Prisons (Solitary Confinement) (Amendment) Bill 2016: First Stage

I move:

That leave be granted to introduce a Bill entitled an Act to amend section 35 of the Prisons Act 2007 to provide for specific provisions in regard to the use of solitary confinement in Irish prisons.

In moving the Bill, I direct the Tánaiste to figures released on the website of the Belfast Newsletter from details secured under freedom of information. The figures show that prisoners in Ireland are held in solitary confinement for 22 to 23 hours a day for months on end and in some cases for more than a year. On 1 January, a total of 51 inmates across various Irish prisons were being held in cells for at least 22 hours a day and half of them were there for over 100 days. At least nine of those prisoners had spent over a year in such conditions. The UN and scientific evidence are unequivocal in regard to these matters. More than 15 days in solitary confinement means serious and sometimes permanent psychological damage. The UN special rapporteur on torture was even more unequivocal about Ireland's practice of locking up people in solitary confinement when he said recently "There is no question to me that those people are suffering what constitutes cruel, inhuman and degrading treatment and perhaps even torture".

The Bill creates a definition of "solitary confinement" for the first time in Irish law. This is critical because in the absence of a definition, those in authority can hide behind words. In fairness, when I asked the Tánaiste about this situation recently, she used many different terms including "23-hour lock up", "punishment" and "restricted regimes". All of this language means it is difficult to access data and keep tabs on people's circumstance and it has potentially serious consequences for prisoners' human rights. We need to call it what it is, which is solitary confinement, and to accept just how serious it is and how damaging the consequences of its use and abuse can be.
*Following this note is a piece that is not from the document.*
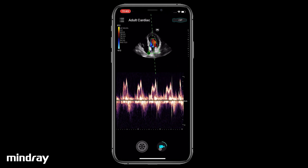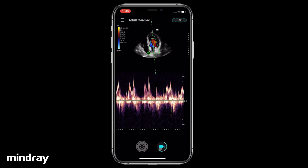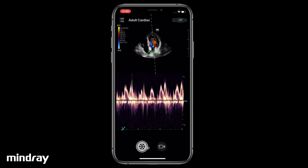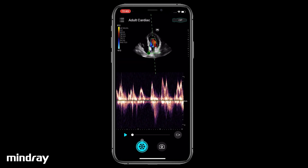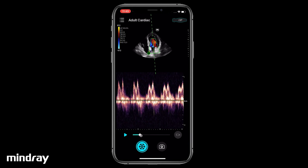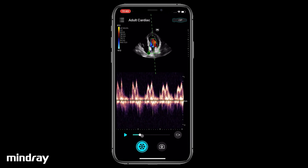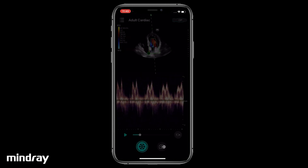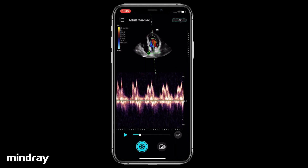Tap the Video Camera icon to save a Cine in real-time during scanning. After freezing, tap the Play button or drag the Progress bar to review the current Cine. Tap the Video Camera icon to save a retrospective Cine. Tap the Camera icon to save a still image.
In accordance with the position of the United Nations, the Bill seeks to provide that no prisoner shall spend more than 15 consecutive days in solitary confinement and that this should be an exceptional measure of last resort. It seeks to ban the use of solitary confinement as a punishment and prohibit the practice for those diagnosed with mental illness. Sadly, it too often happens that prisoners who are deemed to be unmanageable are placed in solitary confinement when what they need in reality is a serious psychological intervention. Putting them in solitary confinement actually makes their condition worse, which is terrible for the prisoners themselves, appalling for prison staff who are on the frontline and have to deal with difficult people who need specialised intervention, and damaging for society when these people are ultimately released, as they are in all instances because their problems will not only be unaddressed but in fact accentuated. In moving the Bill, I am conscious that the Government will be before the UN committee next July. It would be good if we had passed the Bill in advance as it will be one of the issues on which the Government will be questioned.

Is the Bill opposed?

Question put and agreed to.

Since this is a Private Members' Bill, Second Stage must, under Standing Orders, be taken in Private Members' time.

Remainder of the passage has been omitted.